Our main use case is having a small number of servers and a single
cross-server queue/scheduler in the userspace, not per-server
queues/schedulers, so doing a couple of instructions (adding tasks to
an SLL) under a spinlock does not seem to be an issue; if it becomes
an issue, we can always switch to lock-free SLLs.

>
> But yeah, I think this was one of the open issues we still had; with the
> other implementation -- I seem to have a half finished patch for an
> idle_server list.
>
> > - worker wake events are delivered not to servers which ran the workers earlier,
> > but to idle servers from the idle server list
>
> Provided there is one I take it; very easy to run out of idle things.
> Also, what if you want to explicitly manage placement, can you still
> direct the wakeup?

As I mentioned above, we don't have per-server queues/schedulers, so
we didn't need to direct wakeups to specific servers. Again, our model
is if we have M servers and N workers, and M workers are running (i.e.
no idle servers), waking a server when a blocked worker wakes means
either preempting a running worker or grabbing an additional CPU; none
of these options fit our model well.

Doing it in a more flexible and scalable way to accommodate per-server
queues/scheduling and RT scheduling would be great, of course, but I
suspect the implementation will be more complex; and we definitely
would like to stick to the principle "userspace cannot have more
running tasks/threads than there are servers" (background stuff
excluded, of course; but scheduling code is very much "foreground").

>
> > - worker preemption happens not via a syscall (umcg_kick) but by hooking
> > into sched_tick
>
> sched_tick would render it somewhat unsuitable for RT
> workloads/schedulers where you might need more immediate preemption.

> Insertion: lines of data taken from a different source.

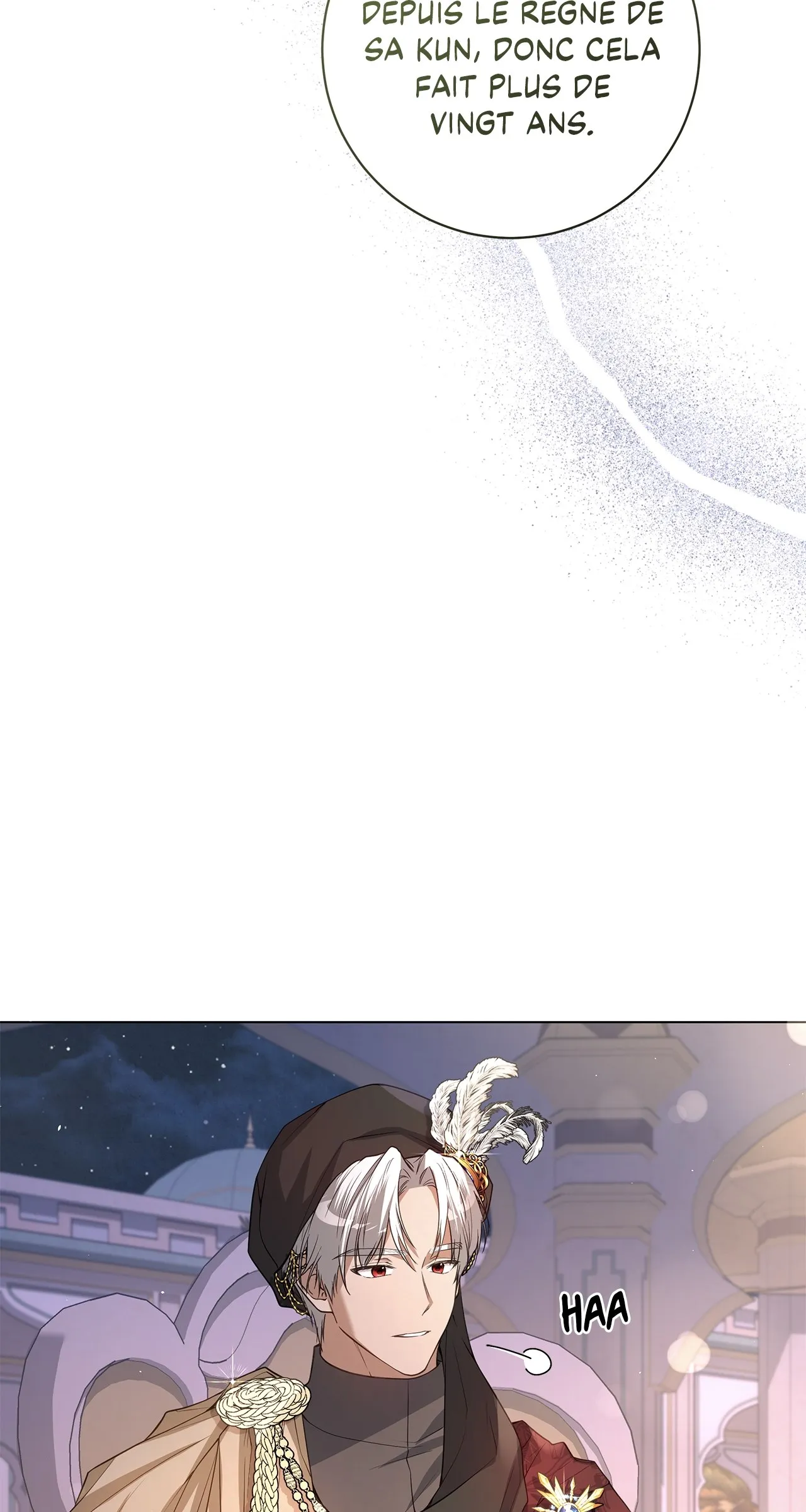 Read Traces of the Moon FR Manga Online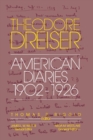 The American Diaries, 1902-1926 - Book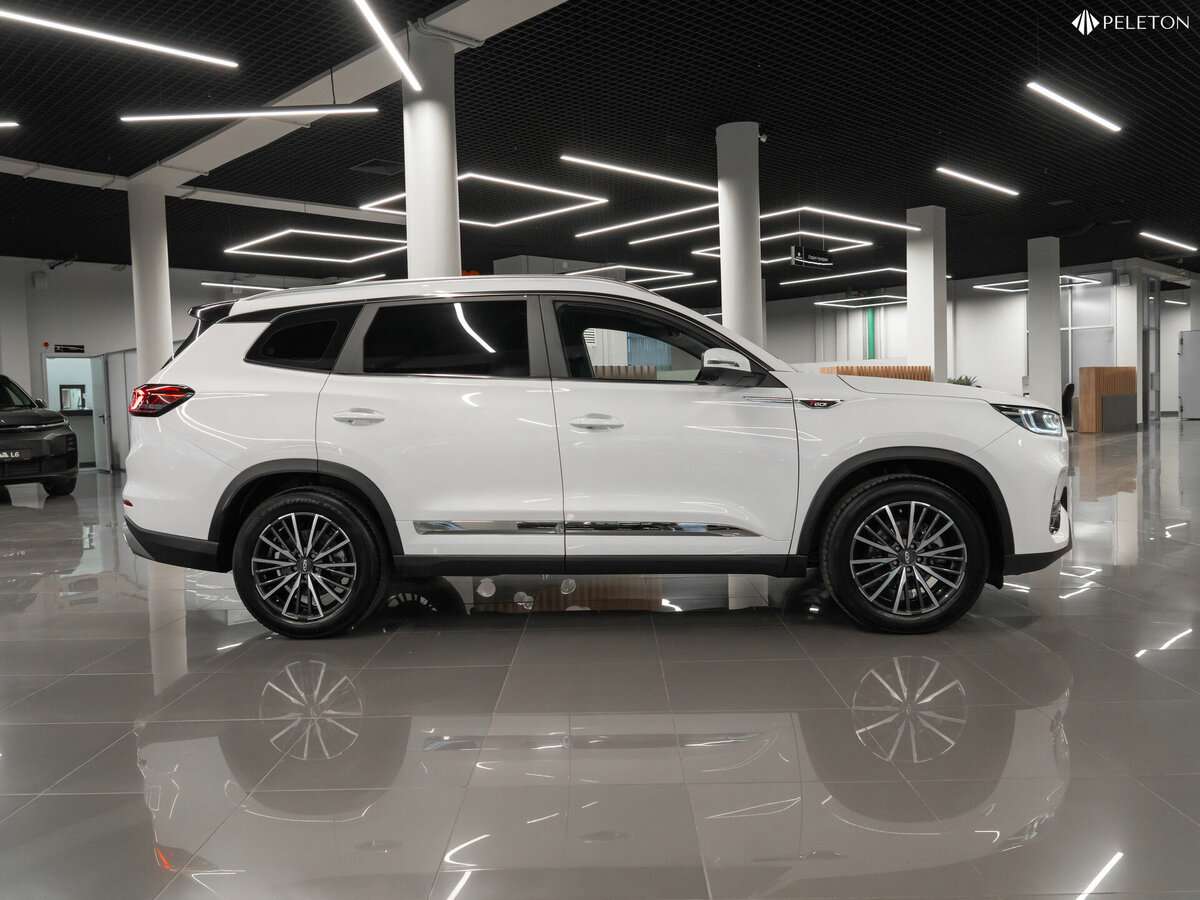 Chery Tiggo 8 Pro, 2021 - 69 470 км. | Фото №7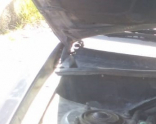 kia clarus 2.0 çıkma kaput menteşe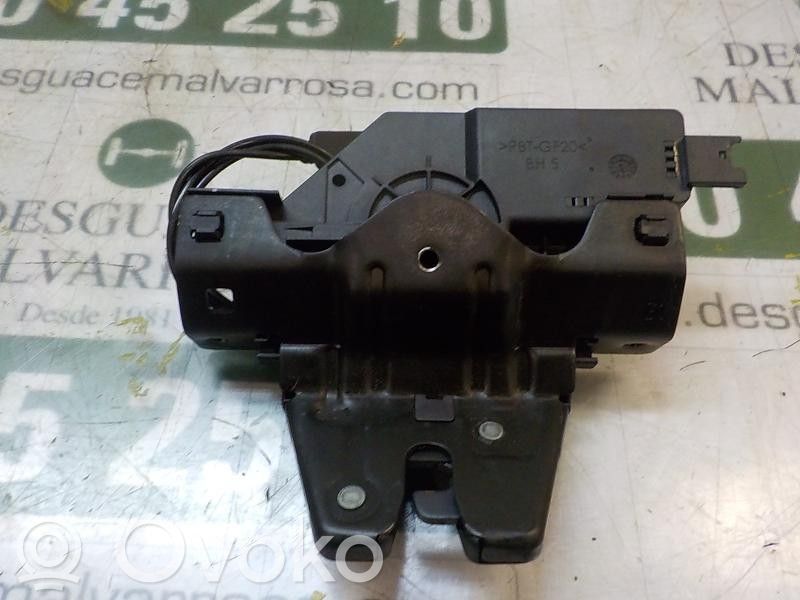 Tailgate lock latch   51247840617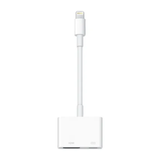 Adaptador Apple Lightning a HDMI MD826AM/A OpenBox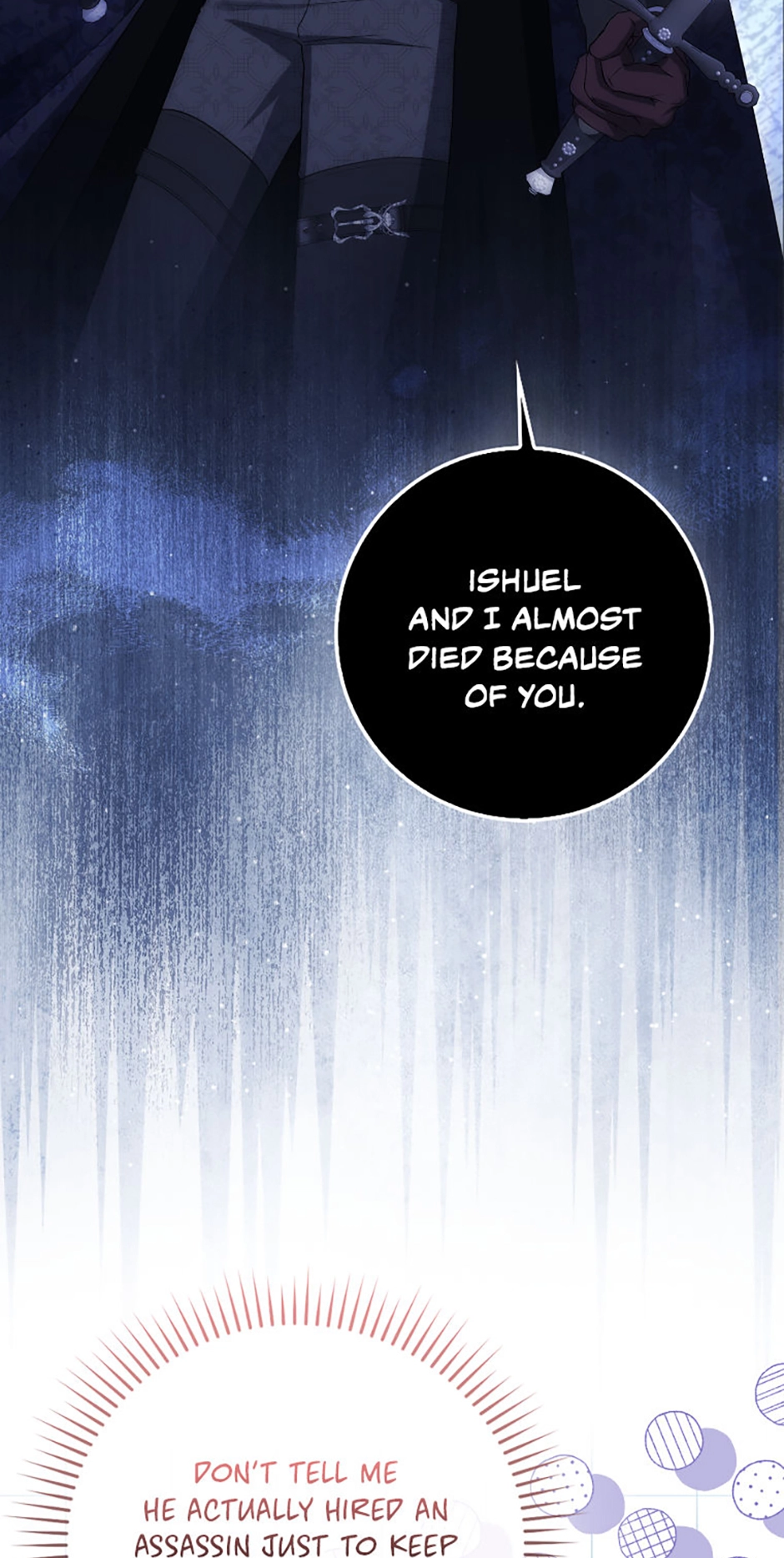 Read The Baby Fairy is a Villain Manga Online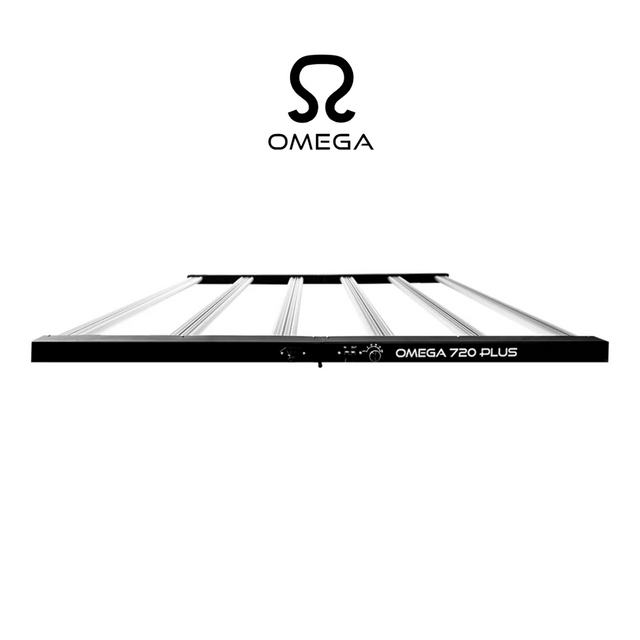 Omega 720w Plus 4X4 LED Grow Light
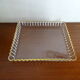Former night service golden crystal Louis Damon - 20 Bd malherbes Paris - Signed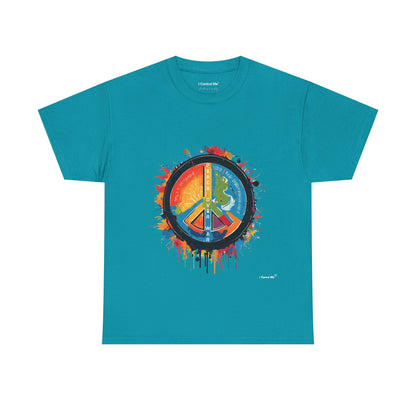 The Voices in Action™ Graphic T-Shirt Collection: Design #024 by I Control Me™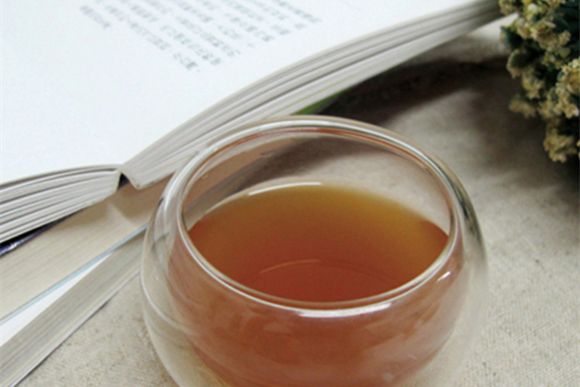 艾薑茶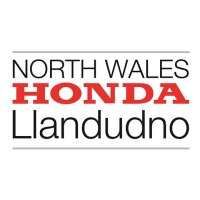 North Wales Honda logo, North Wales Honda contact details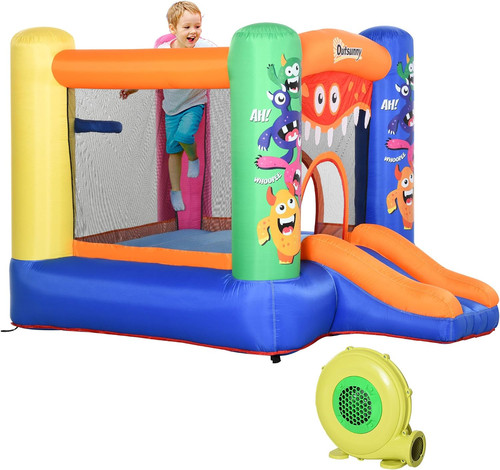 Kids inflatable bouncy - kids,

Yes; on the other hand, having preemption only via a syscall
(umcg_kick) means the userspace should be tracking all running
workers, juggling timers, etc.; and the same unresolved question of
needing extra CPUs do to all this (who will kick workers from the
userspace if they occupy all allocated CPUs?); using sched_tick is
much simpler and does not require extra concurrency/cpus. Maybe we can
have it both ways: an explicit umcg_kick() for RT use cases and
"regular" tick-based preemption?

>
> > None of the differences above are deal breakers; again, if the TLS/page pinning
> > approach is viable, we will gladly use it.
>
> Urgh, so yeah.. I meant to go look at the whole UMCG thing again with an
> eye specifically at inter-process support.
>
> I'm hoping inter-process UMCG can be used to implement custom libpthread
> that would allow running most of userspace under a custom UMCG scheduler
> and obviate the need for this horrible piece of shit eBPF sched thing.
>
> But I keep getting side-tracked with other stuff :/ I'll try and bump
> this stuff up the todo list.

In-process vs cross-process userspace scheduling are two
different/distinct use cases for us, and doing them separately means
they can be worked on by different people in parallel (i.e. done
faster). Can this all be done as one thing that addresses both use
cases? Probably yes; the question is how long will it take?